FMI - a "retoma" do nosso descontentamento...
OLIVIER BLANCHARD (foto abaixo) -
Economista-chefe do Fundo Monetário Internacional (FMI), acredita que a recuperação da economia global, começou!
Aparentemente, uma boa notícia. Mas, esta previsão vem recheada de advertências, de condicionalismos, de avisos drásticos e veladas ameaças...
Num press release da agência Reuters de 18.08.09 link, afirma-se que:
"The crisis has left deep scars, which will affect both supply and demand for many years to come.", i e., "a crise deixou profundas cicatrizes que irão afectar tanto a procura como a oferta por muitos anos…"
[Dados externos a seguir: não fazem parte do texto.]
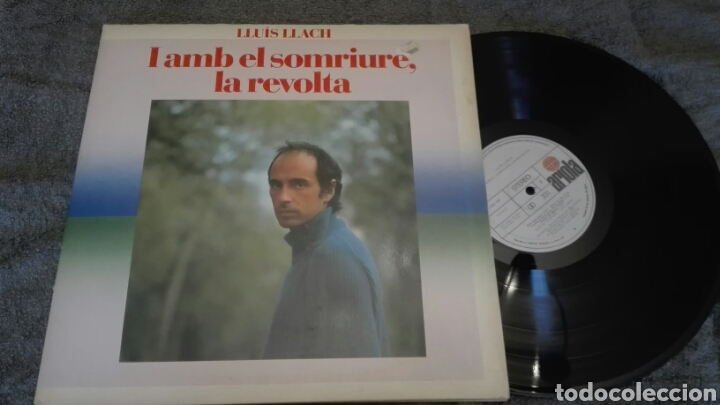 Discos de vinilo: Disco vinilo LP LLUIS LLACH - Foto 1
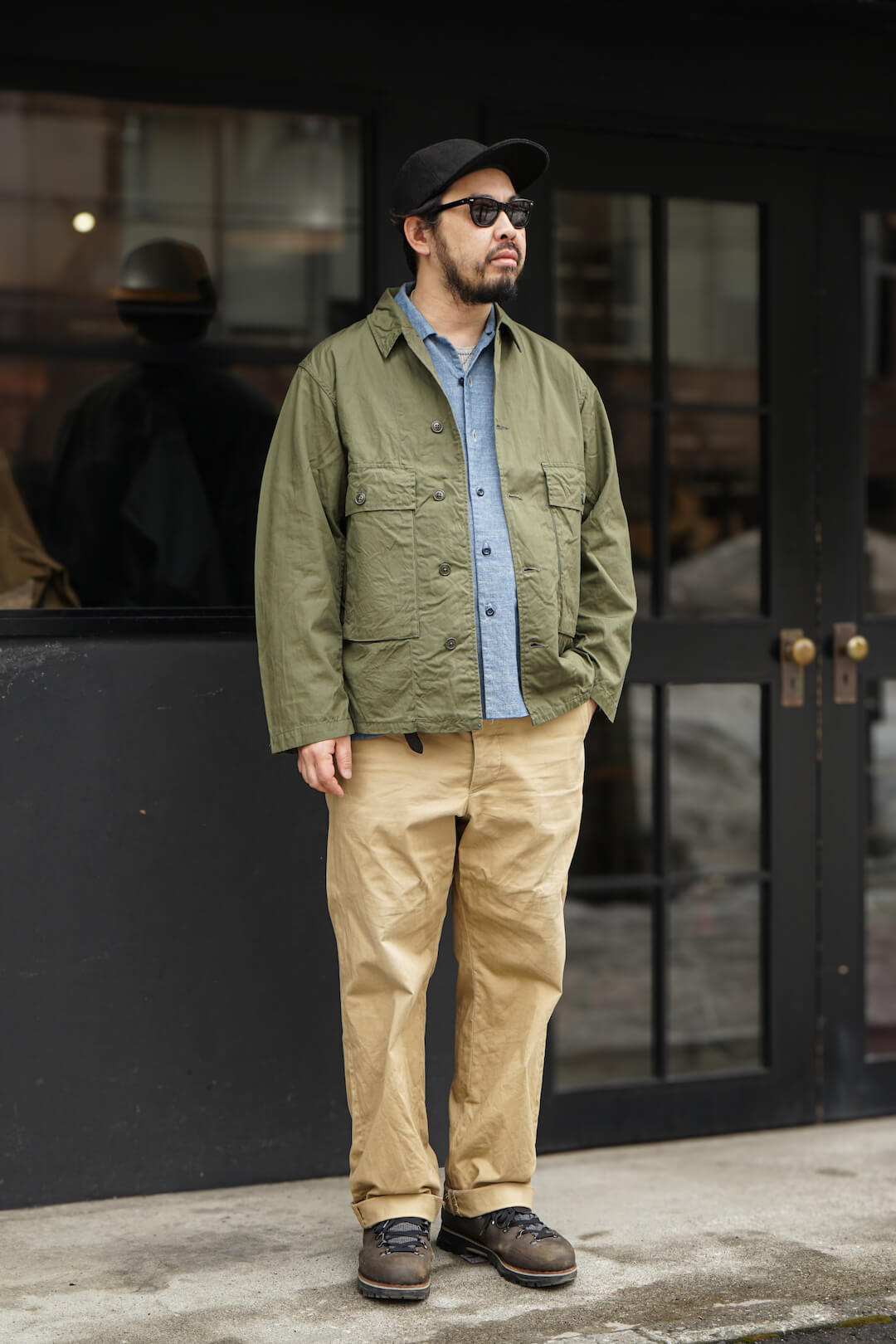 Naval Utility Jacket（OLIVE） | ARCH ONLINE SHOP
Portanto, nada de transcendente. O vulgar cidadão há bastante tempo que se apercebeu dessa trágica eventualidade.
Como, também, já sabemos, este incipiente crescimento que se verificará nos próximos trimestres será sustentado pelo planos de ajuda e de estímulo promovidos pelos Estados, à custa de dinheiros públicos e, ainda, planos de emergência sociais (ao desemprego) e de concessão de créditos ao investimento produtivo. São – não disse Olivier Blanchard - os custos das derivas no sentido de desenvolver nas economias ocidentais doutrinas neoliberais (UE), ou neoconservadoras (EUA)!
O que o economista-chefe do FMI assegurou foi uma incontrolável pressão orçamental, a continuação de altos níveis de desemprego, etc., factos da economia real que, na opinião do especialista, só poderão ser corrigidos por um incontornável aumento dos impostos…
A velha receita: salvo o sector financeiro, oferecida solvência à Banca, o FMI, só vislumbra soluções que passem pela crucifixação do contribuinte.
Esta não é uma cicatriz da recuperação mas, antes, o estrangular da denominada “classe média”, em vertiginosa marcha para uma desamparada proletarização.
A minha dúvida, salvo o devido respeito pelo economista do FMI, é que provavelmente não haverá uma retoma global pela simples razão de que a crise não é mundial.
A crise é do Ocidente. Ou seja, é o colapso da prosperidade e do desenvolvimento económico baseado no crédito e, simultaneamente, numa progressiva perda de competitividade.
Para a China e Índia não há crise! Mantêm o seu excedente comercial, orientam a produtividade e o investimento económico para as exportações e, concomitantemente, controlam o crédito e o consumo interno…
Mas o trágico é que toda a estratégia de retoma, apresentada pelo responsável do FMI, pressupõe a irreversibiliddade da opção neoliberal. Isto é, a continuação do mercado livre, puro e duro.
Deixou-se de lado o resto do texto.